Commenter rs asks, "Why does Windows (historically) return 2 for MulDiv(1, -0x80000000, -0x80000000) while Wine returns zero?"

The MulDiv function multiplies the first two parameters and divides by the third. Therefore, the mathematically correct answer for MulDiv(1, -0x80000000, -0x80000000) is 1, because a × b ÷ b = a for all nonzero b.

So both Windows and Wine get it wrong. I don't know why Wine gets it wrong, but I dug through the archives to figure out what happened to Windows.

First, some background. What's the point of the MulDiv function anyway?

Back in the days of 16-bit Windows, floating point was very expensive. Most people did not have math coprocessors, so floating point was performed via software emulation. And the software emulation was slow. First, you issued a floating point operation on the assumption that you had a float point coprocessor. If you didn't, then a coprocessor not available exception was raised. This exception handler had a lot of work to do.
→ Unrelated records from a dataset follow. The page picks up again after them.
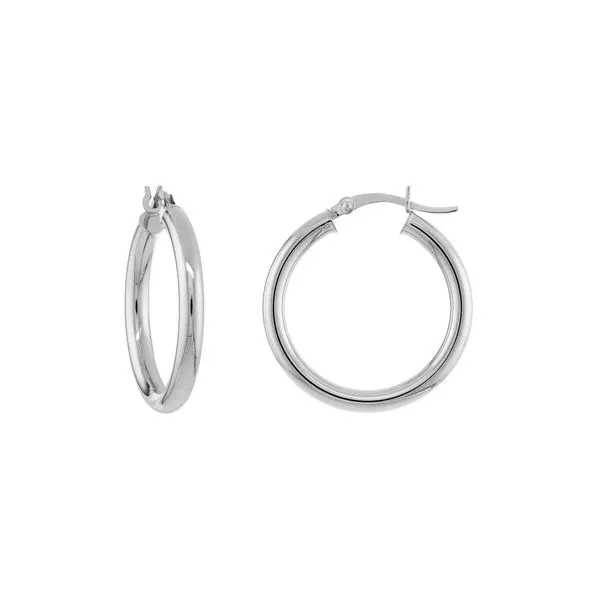 14K White Gold Polished Hoop Earrings Koerbers Fine Jewelry Inc New Albany, IN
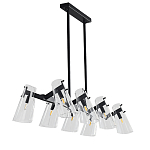 Люстра светодиодная с 8-ю прозрачными плафонами из акрила и стали Glass Cylinder Black варинант исполнения - 3 | Loft Concept в Перми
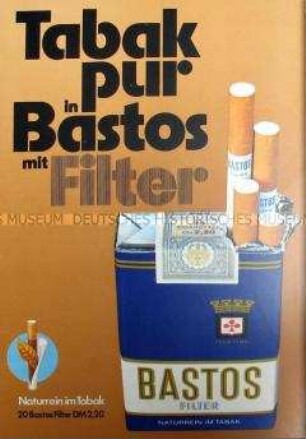 Werbeausleger "Bastos mit Filter"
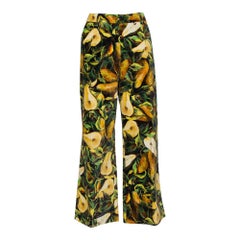 Dolce & Gabbana Multicolor Floral Printed Velvet Cropped Pants S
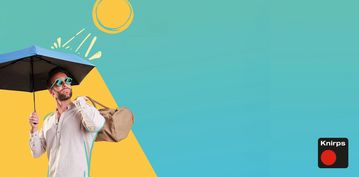 Knirps HeatShield mit UV-Schutz und Hitzereduzierung Mann trägt Knirps HeatShield Regenschirm mit UV-Schutz und Hitzereduzierung, dazu eine Reisetasche über der Schulter.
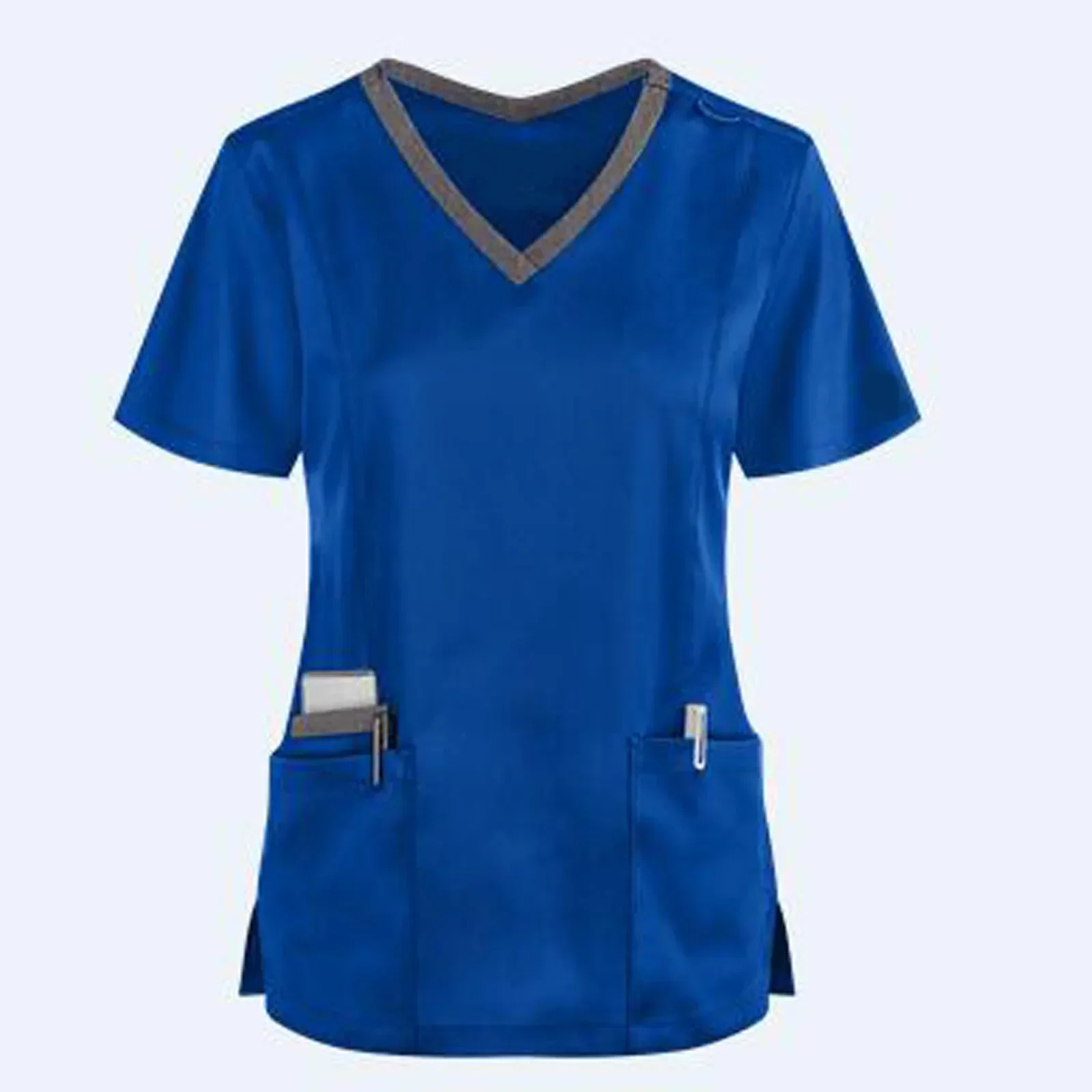 Women's Pocket Nursing Uniform Ladies Short Sleeve V-neck Pocket Care Workers Tops Nurse Working Medical Uniforms Blouse Tops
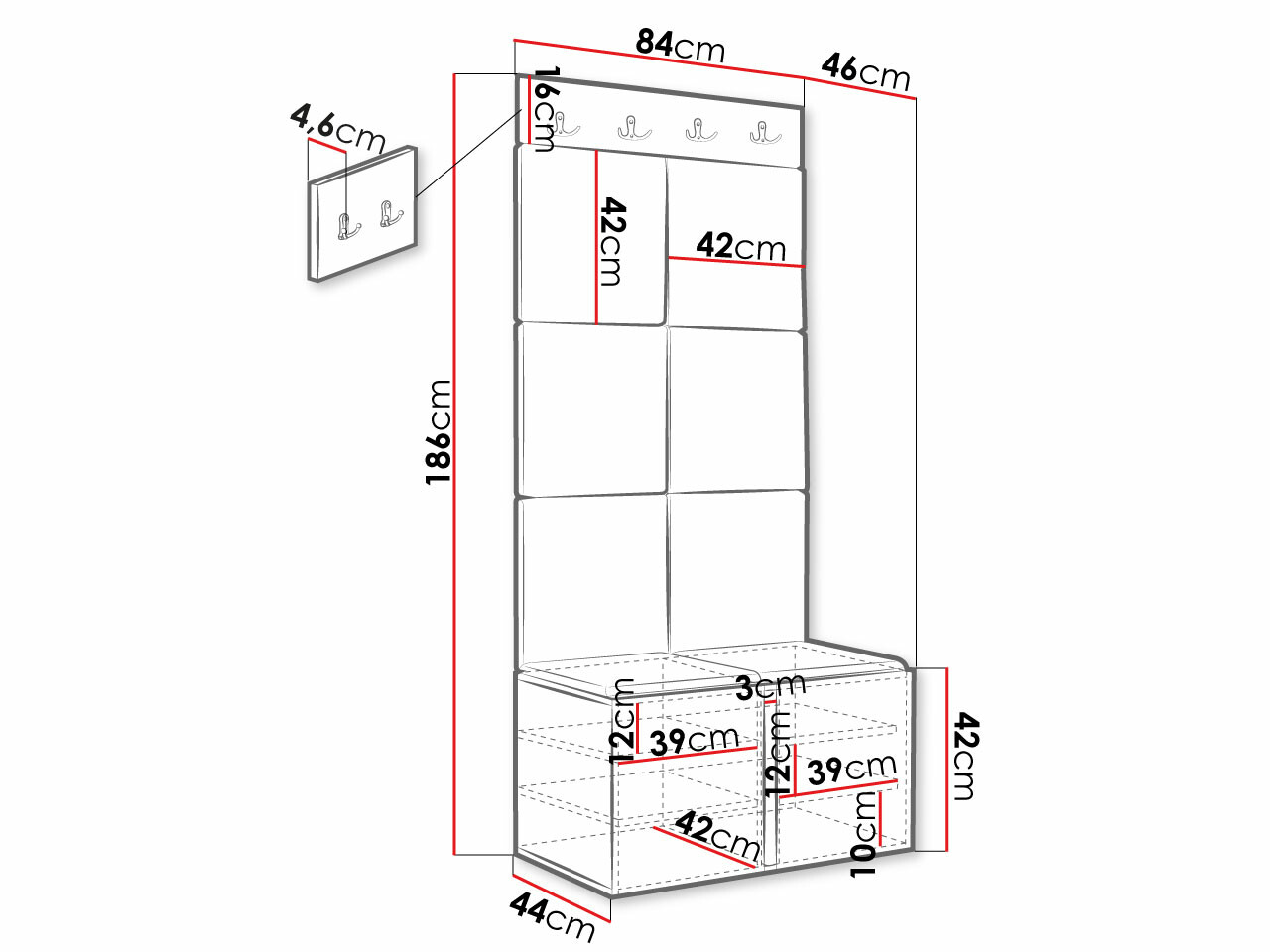 Meuble d'entrée Hartford 383 (Abriamo 03)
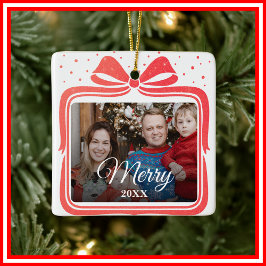  Merry Christmas Elegant Bow Present Photo Collage Julgransprydnad Keramik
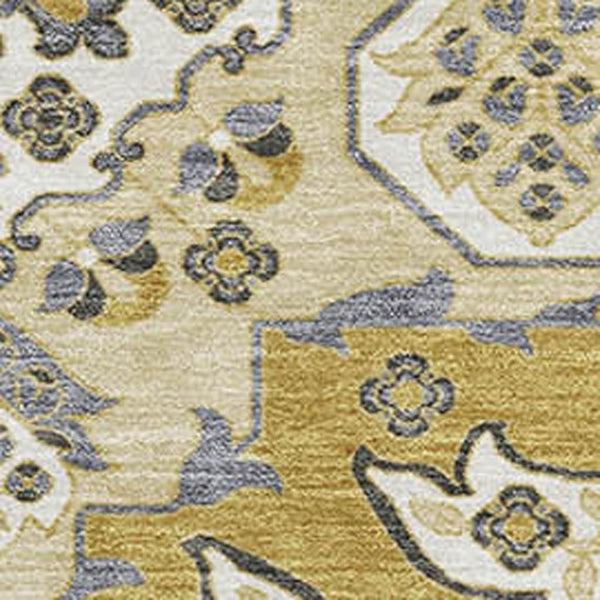 HomeRoots 10' X 14' Gold And Ivory Floral Medallion Area Rug - Washable, UV Protected & Stain Resistant Comfort 705845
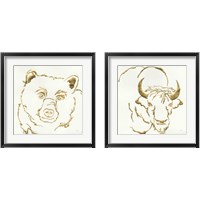 Framed 'Gilded Wildlife 2 Piece Framed Art Print Set' border=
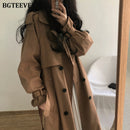 Chic Frauen Trenchcoat Lässige Damen Lange Oberbekleidung Lose Mantel Herbst Winter Mode Zweireiher Windjacke Femme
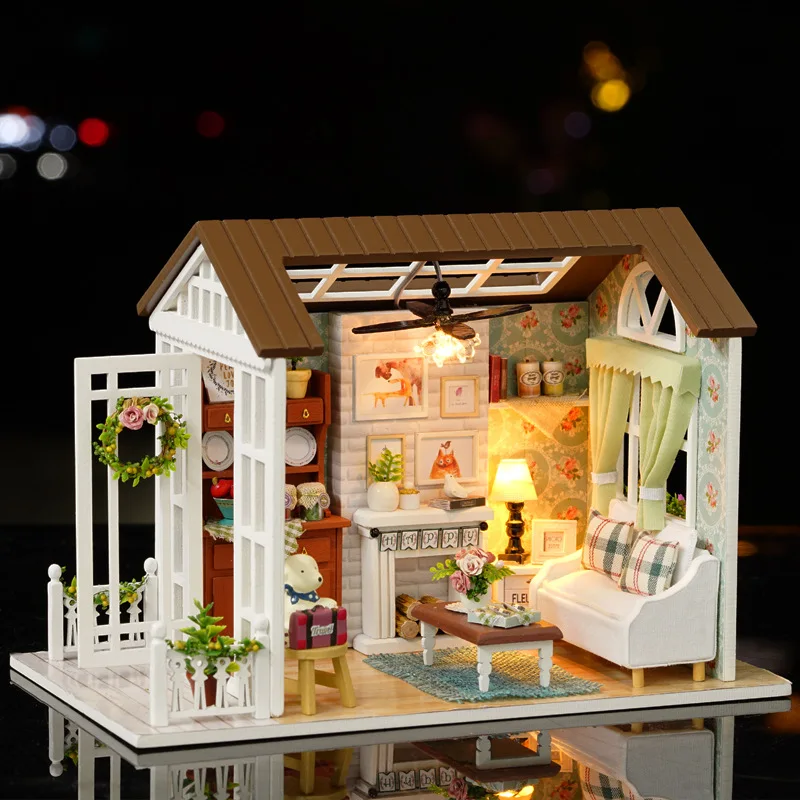 2023 DIY Hot Wooden Miniature Furniture Kit LED Music Doll House for Children Perfect Birthday Gift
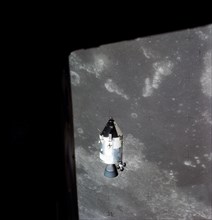 A view of the Apollo 15 Command and Service Modules (CSM)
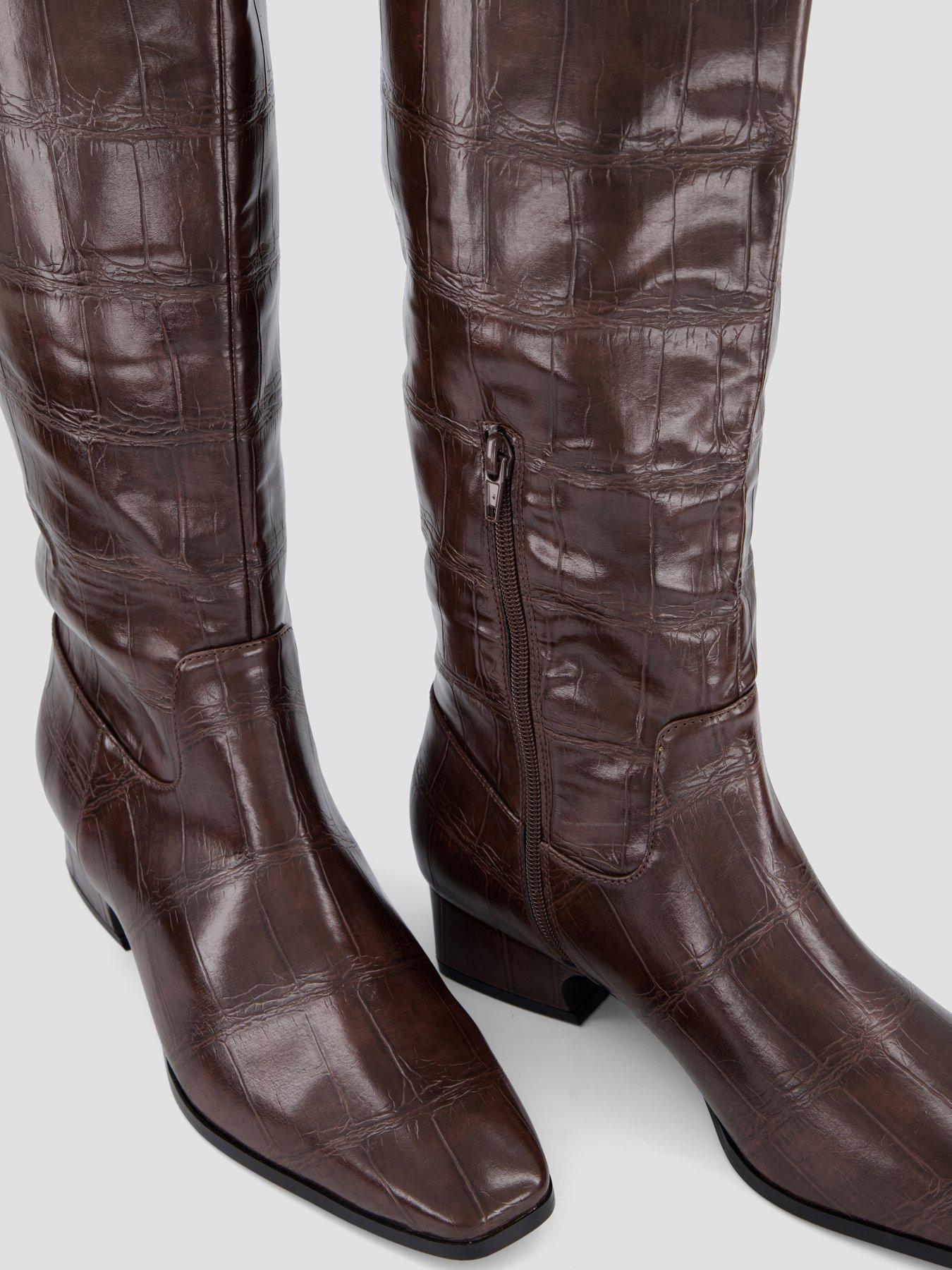 Image 6 of 8 of The Very Collection Wide Fit Chisel Toe Croc Knee Boot - Brown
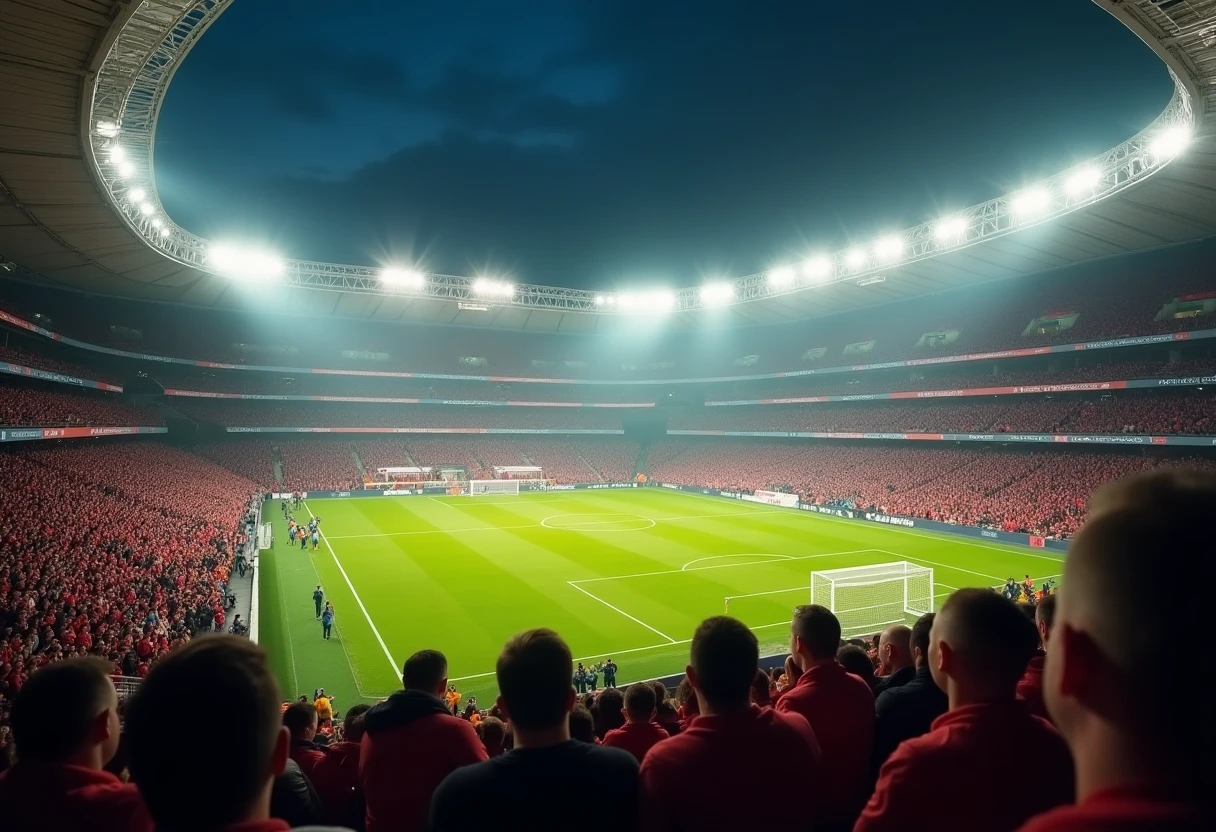 Exciting UEFA Champions League match atmosphere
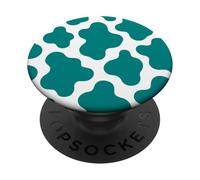 White and Teal Cow Print Cute Aesthetic Animal Y2K Cowgirl PopSockets Adhesive PopGrip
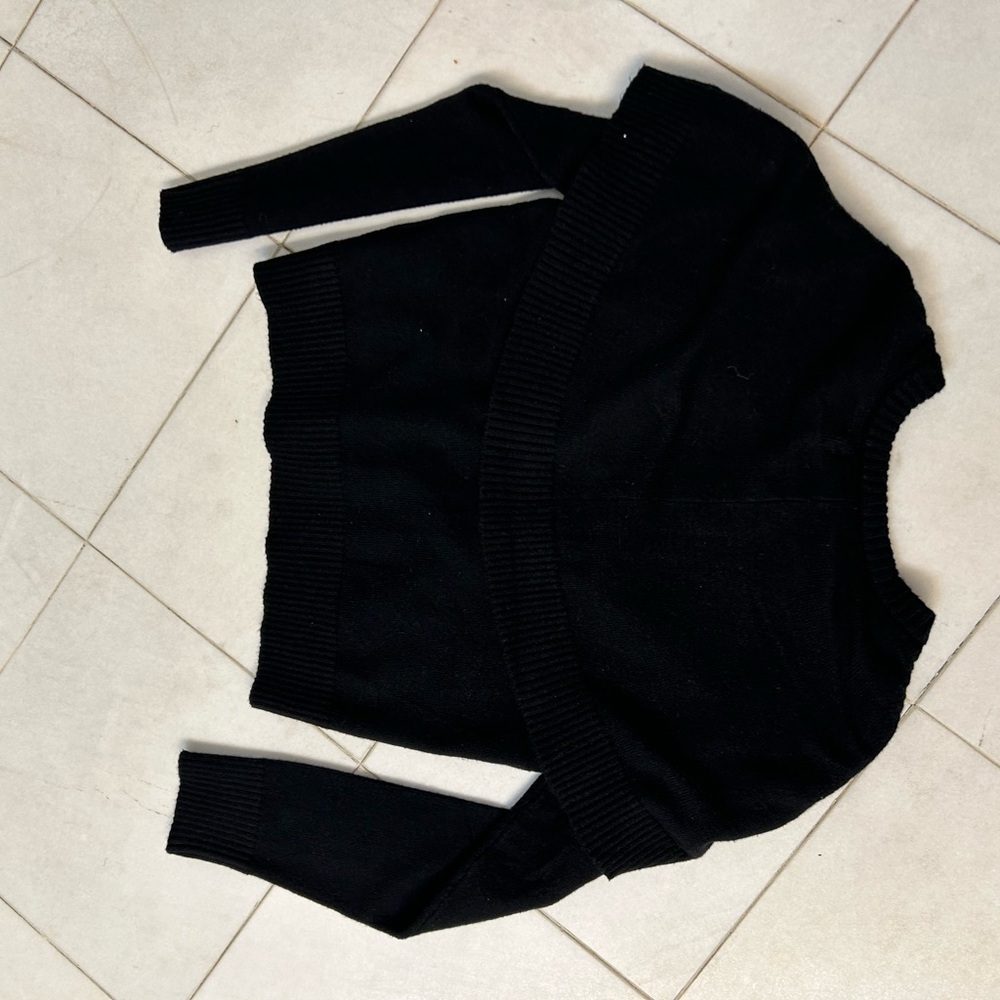 Steve Madden Black Knit Cape Style Cardigan Sweater Minimalist Lagenlook Small - Picture 5 of 15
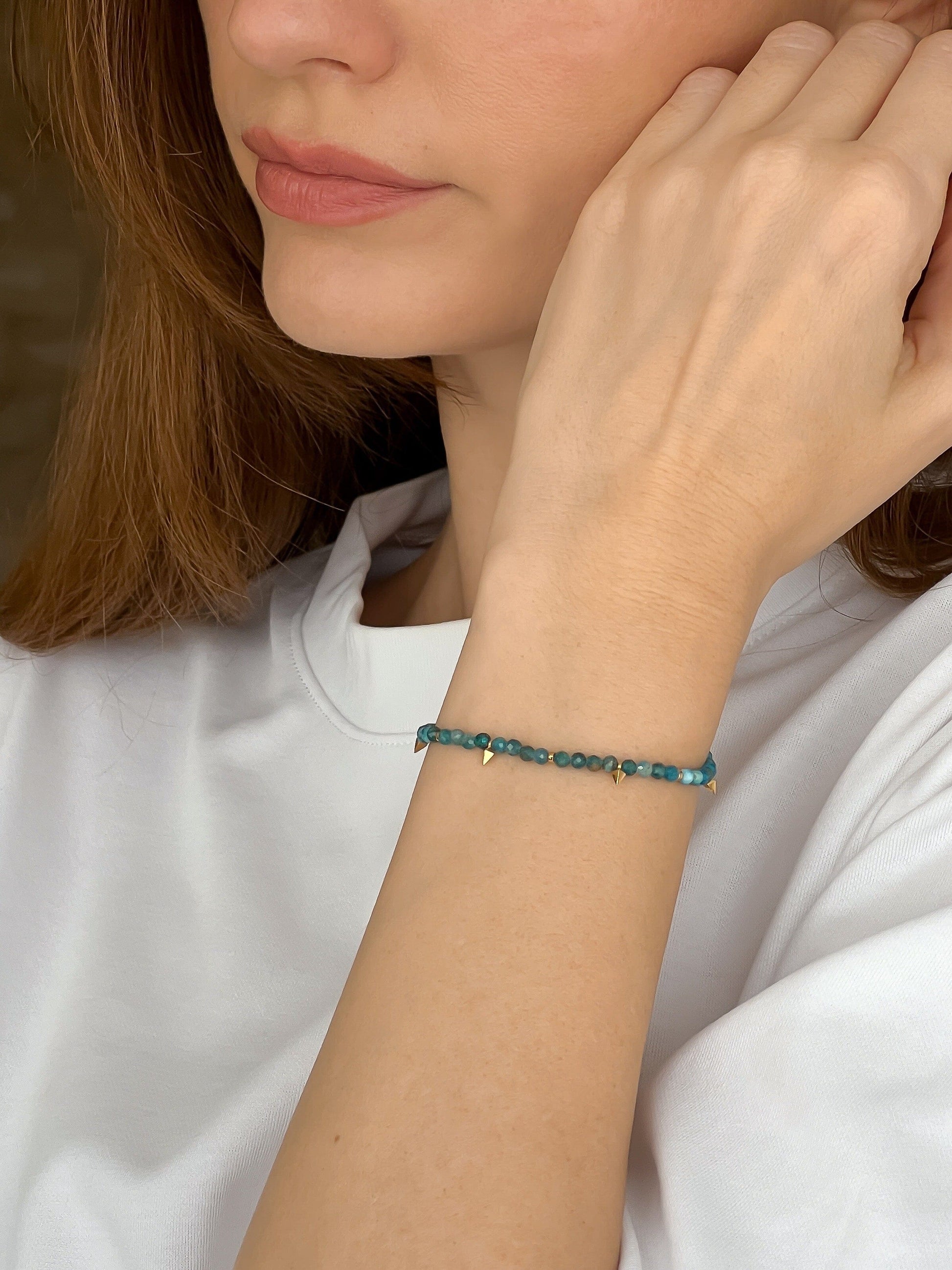 Beaded Gemstone Bracelet - 18K Rose Vermeil Bracelets magal-dev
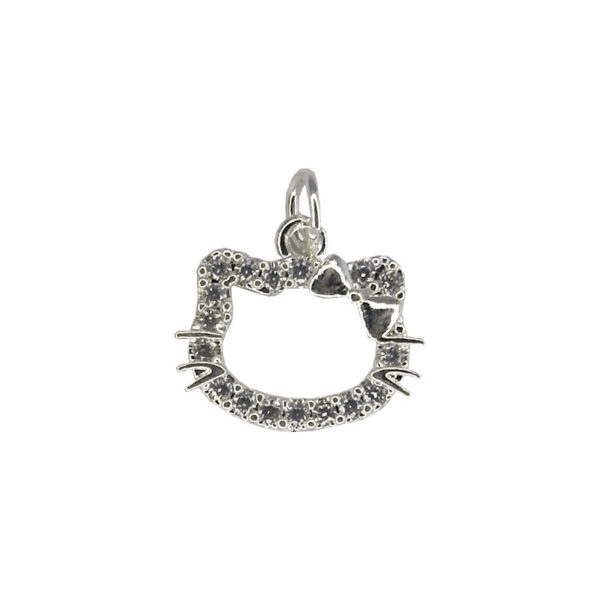 Silver Pave Kitten Pendant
It decoded the instruction that caused the exception and then emulated the operation. For example, if the bytes at the point of the exception were d9 45 08, the exception handler would have to figure out that the instruction was fld dword ptr ds:[di][8]. It then had to simulate the operation of that instruction. In this case, it would retrieve the caller's di register, add 8 to that value, load four bytes from that address (relative to the caller's ds register), expand them from 32-bit floating point to 80-bit floating point, and push them onto a pretend floating point stack. Then it advanced the instruction pointer three bytes and resumed execution.

This took an instruction that with a coprocessor would take around 40 cycles (already slow) and ballooned its total execution time to a few hundred, probably thousand cycles. (I didn't bother counting. Those who are offended by this horrific laziness on my part can apply for a refund.)

It was in this sort of floating point-hostile environment that Windows was originally developed. As a result, Windows has historically avoided using floating point and preferred to use integers. And one of the things you often have to do with integers is scale them by some ratio. For example, a horizontal dialog unit is ¼ of the average character width, and a vertical dialog unit is 1/8 of the average character height. If you have a value of, say, 15 horizontal dlu, the corresponding number of pixels is 15 × average character width ÷ 4. This multiply-then-divide operation is quite common, and that's the model that the MulDiv function is designed to help out with.

In particular, MulDiv took care of three things that a simple a × b ÷ c didn't. (And remember, we're in 16-bit Windows, so a, b and c are all 16-bit signed values.)

  • The intermediate product a × b was computed as a 32-bit value, thereby avoiding overflow.
  • The result was rounded to the nearest integer instead of truncated toward zero
  • If c = 0 or if the result did not fit in a signed 16-bit integer, it returned INT_MAX or INT_MIN as appropriate.

The MulDiv function was written in assembly language, as was most of GDI at the time. Oh right, the MulDiv function was exported by GDI in 16-bit Windows. Why? Probably because they were the people who needed the function first, so they ended up writing it.

Anyway, after I studied the assembly language for the function, I found the bug. A shr instruction was accidentally coded as sar. The problem manifests itself only for the denominator −0x8000, because that's the only one whose absolute value has the high bit set.

The purpose of the sar instruction was to divide the denominator by two, so it can get the appropriate rounding behavior when there is a remainder. Reverse-compiling back into C, the function goes like this:

int16 MulDiv(int16 a, int16 b, int16 c)
{
 int16 sign = a ^ b ^ c; // sign of result

 // make everything positive; we will apply sign at the end
 if (a < 0) a = -a;
 if (b < 0) b = -b;
 if (c < 0) c = -c;

 //  add half the denominator to get rounding behavior
 uint32 prod = UInt16x16To32(a, b) + c / 2;
 if (HIWORD(prod) >= c) goto overflow;
 int16 result = UInt32Div16To16(prod, c);
 if (result < 0) goto overflow;
 if (sign < 0) result = -result;
 return result;

overflow:
 return sign < 0 ? INT_MIN : INT_MAX;
}

Given that I've already told you where the bug is, it should be pretty easy to spot in the code above.

Anyway, when this assembly language function was ported to Win32, it was ported as, well, an assembly language function. And the port was so successful, it even preserved (probably by accident) the sign extension bug.

Mind you, it's a bug with amazing seniority.